Comunità. Una parola che può sembrare strana, per dei missionari, che a volte passano intere giornate senza neanche potersi vedere. Il bello dell’esperienza missionaria, ancor prima di essere una stupenda esperienza di servizio, che ti fa riscoprire il tuo consacrarti a Dio, è prima di tutto una forte esperienza di vita comunitaria. La comunità rappresenta davvero una necessità per il missionario. Il giorno della comunità è il giorno più atteso per stare con i tuoi fratelli, per condividere con loro quello che hai fatto, per sentire un parere, a volte una parola di conforto o di incoraggiamento. Non sempre si può essere presenti ai momenti comuni, ma si cerca di fare di tutto per essere presenti, ci si sforza per stare insieme. Tutto si porta avanti comunitariamente e quindi progettualmente, altrimenti non si potrebbe fare nulla.

Si pensa ordinariamente al missionario come a uno che va a dare. Tu probabilmente hai anche ricevuto?

Probabilmente potrei scrivere un libro su questo… provo a mettere le cose più importanti.

Serenità. È proprio vero che quando uno trova il suo posto, tutto quello che fa trovo il suo equilibrio, e la vocazione missionaria, è una vocazione all’interno di quella salesiana.

Fiducia in me stesso. Mi trovo a fare cose, che sono molto più grandi di me, con una tranquillità che a volte rasenta l’incoscienza.

Rinnovato rapporto con Dio. Dio parla continuamente in quei contesti. Parla nei volti della gente, nei bisogni che hanno. È li presente, non si può non vederlo. A volte uno si deve trovare davvero il tempo per pregare, deve strapparlo al sonno, o ad un attimo di riposo.

Da buon figlio di Don Bosco però hai qualche sogno e anche una buona dose di desideri…

Forse la domanda più difficile. Perché in realtà è la missione che sta dando molto a me, mi sta facendo maturare come uomo e come prete, mi sta facendo approfondire la mia esperienza di Dio. Quando sei lì, a volte dici, e che posso fare… a parte mettermi le mani nei capelli. Poi la gente ti fa capire, che è importante che stai lì con loro, che condividi con loro la vita e che il tuo sorriso li rincuora… Si credo sia questo che posso dare, un po’ di speranza, dove a volte non ce n’è… e portare Cristo che è l’unica vera speranza del mondo, è un dono grande

Ti senti un inviato della comunità e delle comunità che ti hanno dato Battesimo, vocazione salesiana , ordinazione sacerdotale ?

Certo.
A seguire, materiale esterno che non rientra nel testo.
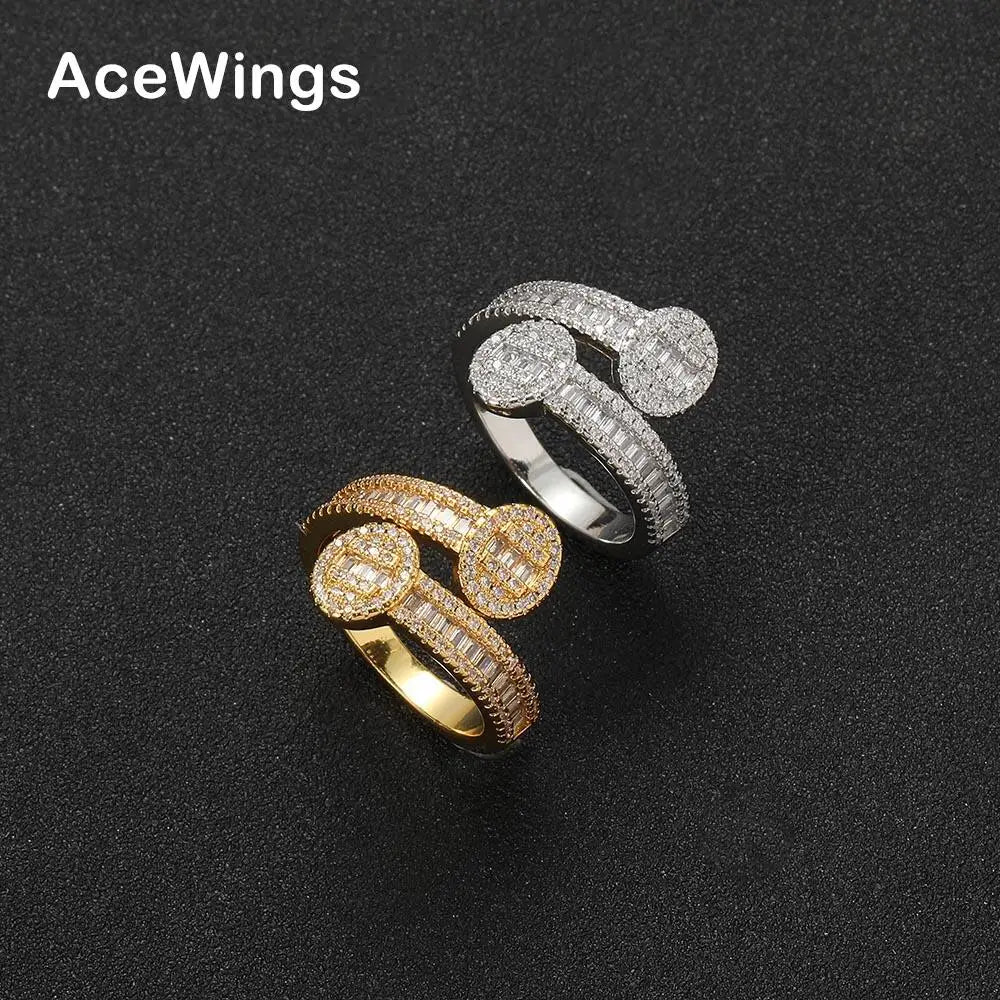 R051 Men and Women Rings Hip Hop Jewelry Brass With Cubic Zircon Ring Slightly Resizable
Mi sento fiero di essere stato inviato da un’ispettoria, prima la Romana, che mi ha dato il battesimo e poi la ICC, perché l’uomo che sono ora, lo devo alle comunità che mi hanno accompagnato, a volte sopportato (perché so di non essere un tipetto facile), voluto bene. Tra i confratelli ho molti amici, con i quali ci sentiamo ancora.